Curtis Lee Krueger had a respected Marine Corps career ― he had risen through the enlisted ranks and eventually earned a commission as a Marine officer.
But then he was charged with murder of man from Murrieta, California.
Krueger, a lieutenant with Combat Logistics Battalion 7 out of Twentynine Palms, California, pleaded not guilty to the murder of 54-year old Henry Stange in December. He is scheduled for another felony settlement conference Feb. 21.
Authorities narrowed in on Krueger as a suspect after the discovery of Stange’s body in a shallow grave in Joshua Tree National Park on June 2, 2018.
Fifty-four-year-old Henry Stange's body was found buried in a shallow grave in Joshua Tree National Park.
According to court documents obtained by Marine Corps Times, Stange’s grave site was stumbled upon by a man hiking through Joshua Tree National Park on June 1. The hiker snapped photographs of the site that was surrounded by vultures, which he believed contained a dead animal. He alerted park rangers to the shallow grave.

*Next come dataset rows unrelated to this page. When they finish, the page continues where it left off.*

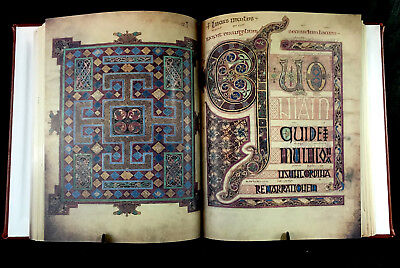 Lindisfarne Gospels 700 AD - Premium Facsimile • 425€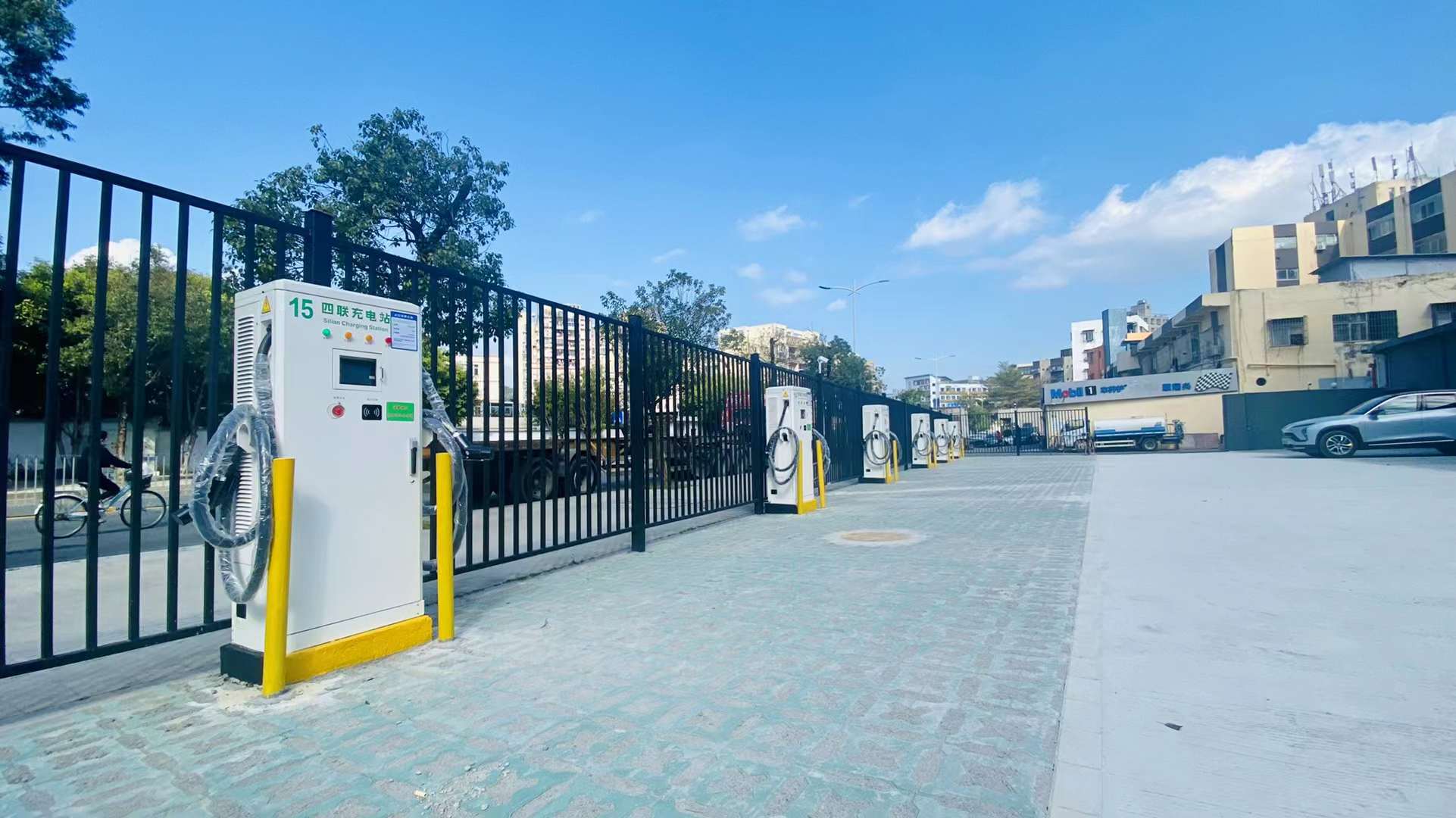 2025新澳门原料免费宝典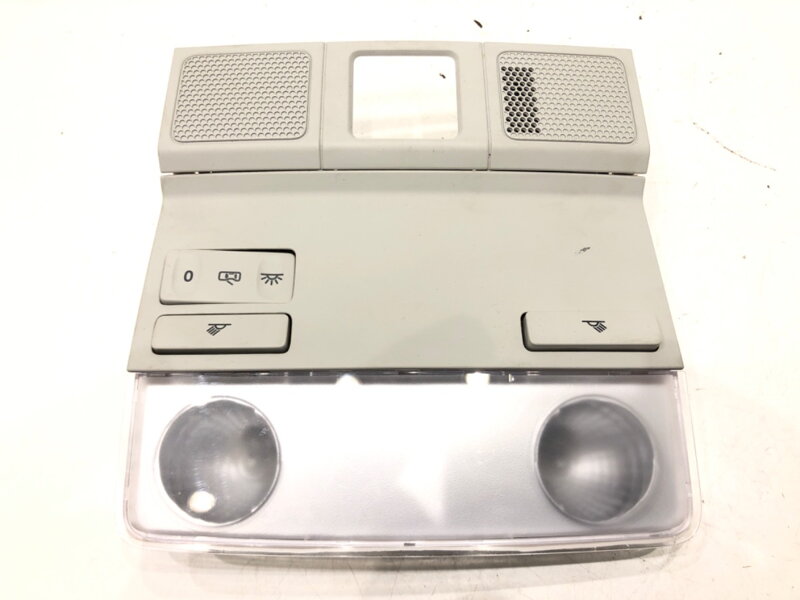 Stropné svetlo Skoda Octavia III Combi (5E5, 5E6) 2012 - 2022 5E0947105L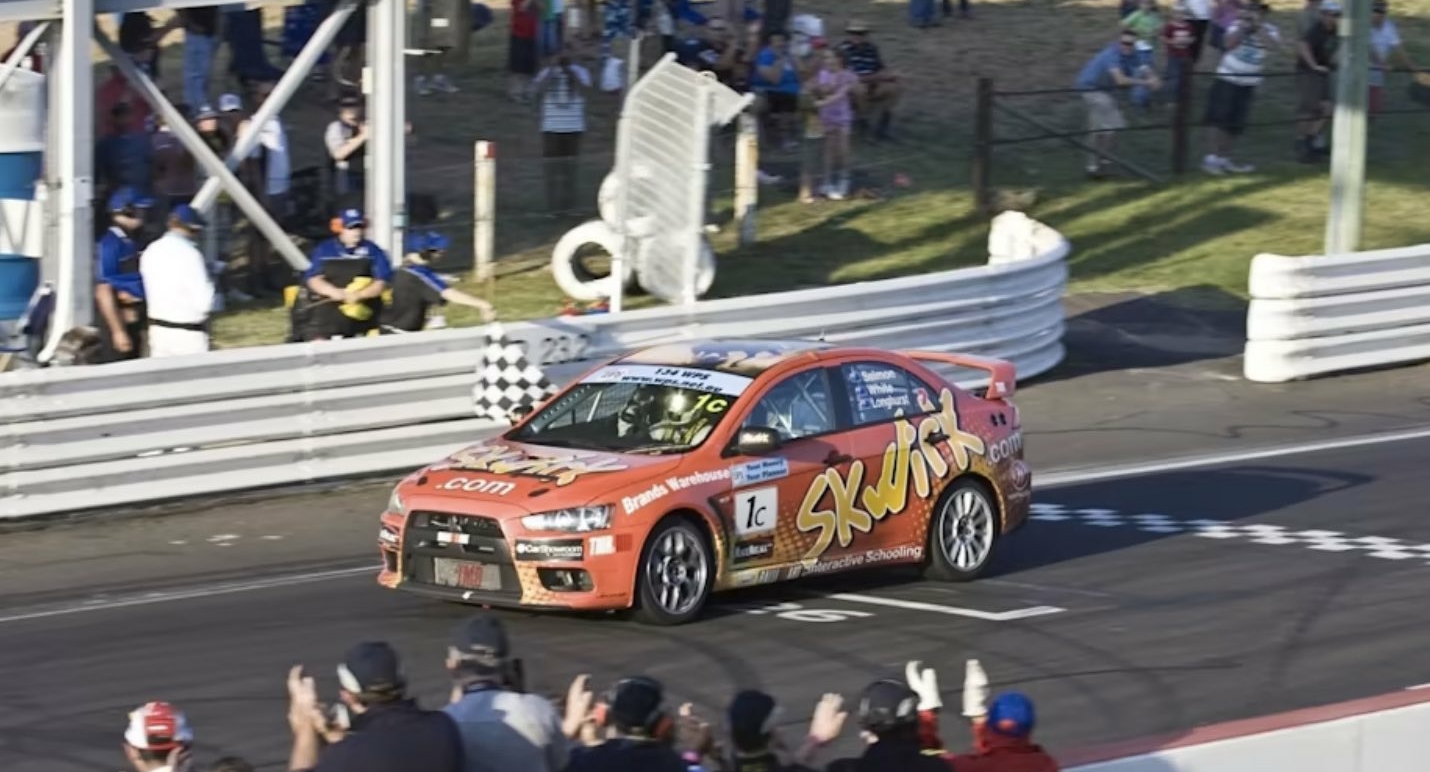 bathurst 12 hour race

A park ranger discovered the site contained a decomposing human body with the upper torso covered in dirt and the lower torso exposed, court documents detailed.

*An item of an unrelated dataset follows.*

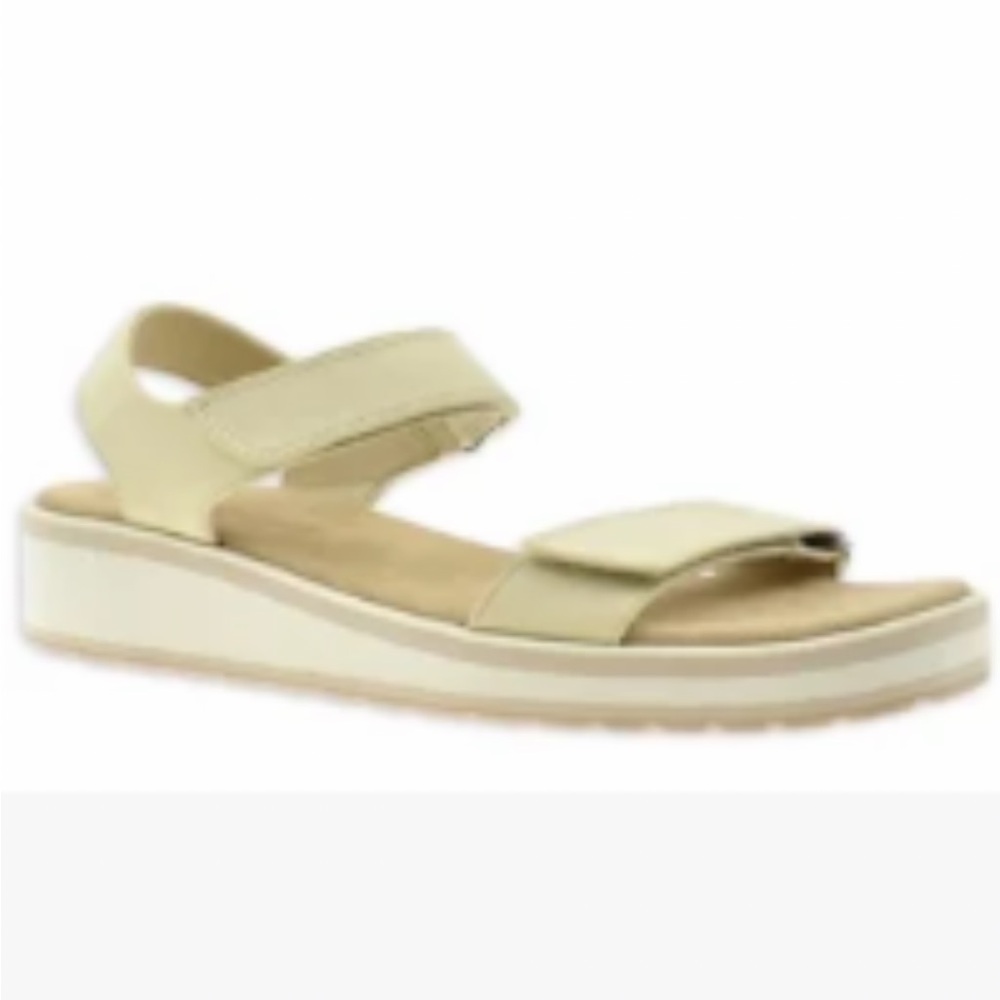Time and Tru Light Sandals Women’s Comfort Wedge Slingback Light Tan/Beige 9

Riverside County Sherriff’s Department was dispatched to the scene. Following a June 4 autopsy, fingerprints confirmed the deceased male was Henry Stange and that he suffered from multiple skull fractures, court documents revealed.
The coroner determined that the cause of death was homicidal violence.
Following Stange’s identification by authorities, evidence began to implicate Krueger and his 27-year-old girlfriend Ashlie Stapp in his death.
Stange was divorced with two children, but, according to court documents obtained by Marine Corps Times, he also was dating Stapp.
Stapp at the time was living with Krueger at a trailer park in Twentynine Palms, California.
Court documents revealed that Stange was an avid Ham Radio operator and his broadcasts were last heard on May 24, 2018, around 8 a.m.
On that day, cell phone records show that Krueger and Stapp drove to Stange’s Murrieta home, and during that same day, Krueger made a call to 911 to check on Stapp’s health, telling authorities she could be suffering from mental health issues.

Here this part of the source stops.